- [Problem to solve]:
Repeat, line for line, the entries below from the first line to the line containing "Ticino, Switzerland. Fotosearch", counting both ends.

• • •

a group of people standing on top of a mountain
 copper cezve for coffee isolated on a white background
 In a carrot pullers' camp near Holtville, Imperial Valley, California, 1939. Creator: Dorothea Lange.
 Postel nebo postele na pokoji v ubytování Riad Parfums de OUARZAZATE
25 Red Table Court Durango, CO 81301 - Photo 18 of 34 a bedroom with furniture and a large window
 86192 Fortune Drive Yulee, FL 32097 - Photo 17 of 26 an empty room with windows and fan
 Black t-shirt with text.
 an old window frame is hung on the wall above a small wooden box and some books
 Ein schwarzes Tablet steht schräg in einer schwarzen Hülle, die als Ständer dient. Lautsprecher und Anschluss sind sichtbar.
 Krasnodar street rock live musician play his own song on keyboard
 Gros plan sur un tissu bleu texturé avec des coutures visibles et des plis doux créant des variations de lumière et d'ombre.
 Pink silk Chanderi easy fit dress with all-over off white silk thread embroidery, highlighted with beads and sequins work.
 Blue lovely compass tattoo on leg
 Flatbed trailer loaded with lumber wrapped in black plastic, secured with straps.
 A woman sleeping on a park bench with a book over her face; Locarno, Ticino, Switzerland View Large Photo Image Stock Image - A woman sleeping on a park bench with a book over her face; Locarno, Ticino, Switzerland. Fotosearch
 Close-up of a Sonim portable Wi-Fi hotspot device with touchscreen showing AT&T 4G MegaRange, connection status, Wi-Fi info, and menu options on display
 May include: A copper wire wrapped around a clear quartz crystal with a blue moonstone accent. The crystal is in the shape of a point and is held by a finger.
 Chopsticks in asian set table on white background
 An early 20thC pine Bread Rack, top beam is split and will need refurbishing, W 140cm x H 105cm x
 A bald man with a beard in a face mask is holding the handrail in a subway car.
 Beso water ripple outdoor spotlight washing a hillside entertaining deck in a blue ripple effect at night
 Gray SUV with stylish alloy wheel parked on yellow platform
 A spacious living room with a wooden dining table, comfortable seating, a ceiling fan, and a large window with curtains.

• • •

- [Problem solution]:
a group of people standing on top of a mountain
 copper cezve for coffee isolated on a white background
 In a carrot pullers' camp near Holtville, Imperial Valley, California, 1939. Creator: Dorothea Lange.
 Postel nebo postele na pokoji v ubytování Riad Parfums de OUARZAZATE
25 Red Table Court Durango, CO 81301 - Photo 18 of 34 a bedroom with furniture and a large window
 86192 Fortune Drive Yulee, FL 32097 - Photo 17 of 26 an empty room with windows and fan
 Black t-shirt with text.
 an old window frame is hung on the wall above a small wooden box and some books
 Ein schwarzes Tablet steht schräg in einer schwarzen Hülle, die als Ständer dient. Lautsprecher und Anschluss sind sichtbar.
 Krasnodar street rock live musician play his own song on keyboard
 Gros plan sur un tissu bleu texturé avec des coutures visibles et des plis doux créant des variations de lumière et d'ombre.
 Pink silk Chanderi easy fit dress with all-over off white silk thread embroidery, highlighted with beads and sequins work.
 Blue lovely compass tattoo on leg
 Flatbed trailer loaded with lumber wrapped in black plastic, secured with straps.
 A woman sleeping on a park bench with a book over her face; Locarno, Ticino, Switzerland View Large Photo Image Stock Image - A woman sleeping on a park bench with a book over her face; Locarno, Ticino, Switzerland. Fotosearch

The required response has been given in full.